→ **The task**:
Each line from the one holding "The EEOB view" to the end of the data below must be output verbatim, with no other lines.

Saved data entries:
BEGIN

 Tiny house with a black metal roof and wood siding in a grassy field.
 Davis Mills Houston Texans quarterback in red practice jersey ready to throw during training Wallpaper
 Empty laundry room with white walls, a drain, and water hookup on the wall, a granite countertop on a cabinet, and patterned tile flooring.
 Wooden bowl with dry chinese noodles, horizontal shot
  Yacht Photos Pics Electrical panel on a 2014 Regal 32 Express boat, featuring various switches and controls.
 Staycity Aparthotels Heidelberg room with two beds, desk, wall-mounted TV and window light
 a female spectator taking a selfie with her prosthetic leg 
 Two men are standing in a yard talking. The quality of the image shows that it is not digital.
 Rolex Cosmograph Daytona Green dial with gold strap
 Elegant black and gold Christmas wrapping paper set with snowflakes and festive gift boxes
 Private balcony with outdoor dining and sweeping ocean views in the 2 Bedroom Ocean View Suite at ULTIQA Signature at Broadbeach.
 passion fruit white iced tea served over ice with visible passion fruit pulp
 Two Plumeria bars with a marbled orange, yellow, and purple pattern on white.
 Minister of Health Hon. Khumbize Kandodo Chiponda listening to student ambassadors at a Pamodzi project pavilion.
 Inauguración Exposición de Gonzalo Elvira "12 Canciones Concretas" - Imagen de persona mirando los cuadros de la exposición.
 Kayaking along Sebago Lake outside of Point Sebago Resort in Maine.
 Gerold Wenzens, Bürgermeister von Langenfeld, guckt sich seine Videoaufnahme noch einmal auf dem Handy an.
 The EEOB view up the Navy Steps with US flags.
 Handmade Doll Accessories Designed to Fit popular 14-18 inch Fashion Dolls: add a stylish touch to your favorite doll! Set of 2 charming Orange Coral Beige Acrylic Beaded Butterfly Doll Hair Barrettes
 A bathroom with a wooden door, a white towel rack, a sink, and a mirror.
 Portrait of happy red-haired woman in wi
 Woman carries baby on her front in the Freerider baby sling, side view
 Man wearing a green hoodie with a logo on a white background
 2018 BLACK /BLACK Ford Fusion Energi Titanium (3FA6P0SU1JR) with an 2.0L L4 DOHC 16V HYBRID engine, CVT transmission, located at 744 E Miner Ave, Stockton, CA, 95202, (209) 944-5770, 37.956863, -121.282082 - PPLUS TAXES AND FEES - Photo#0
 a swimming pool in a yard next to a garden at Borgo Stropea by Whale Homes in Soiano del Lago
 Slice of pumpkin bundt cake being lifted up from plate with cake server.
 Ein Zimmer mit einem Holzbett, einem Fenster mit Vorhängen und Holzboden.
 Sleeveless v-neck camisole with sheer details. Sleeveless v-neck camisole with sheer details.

END

→ **Task solution**:
 The EEOB view up the Navy Steps with US flags.
 Handmade Doll Accessories Designed to Fit popular 14-18 inch Fashion Dolls: add a stylish touch to your favorite doll! Set of 2 charming Orange Coral Beige Acrylic Beaded Butterfly Doll Hair Barrettes
 A bathroom with a wooden door, a white towel rack, a sink, and a mirror.
 Portrait of happy red-haired woman in wi
 Woman carries baby on her front in the Freerider baby sling, side view
 Man wearing a green hoodie with a logo on a white background
 2018 BLACK /BLACK Ford Fusion Energi Titanium (3FA6P0SU1JR) with an 2.0L L4 DOHC 16V HYBRID engine, CVT transmission, located at 744 E Miner Ave, Stockton, CA, 95202, (209) 944-5770, 37.956863, -121.282082 - PPLUS TAXES AND FEES - Photo#0
 a swimming pool in a yard next to a garden at Borgo Stropea by Whale Homes in Soiano del Lago
 Slice of pumpkin bundt cake being lifted up from plate with cake server.
 Ein Zimmer mit einem Holzbett, einem Fenster mit Vorhängen und Holzboden.
 Sleeveless v-neck camisole with sheer details. Sleeveless v-neck camisole with sheer details.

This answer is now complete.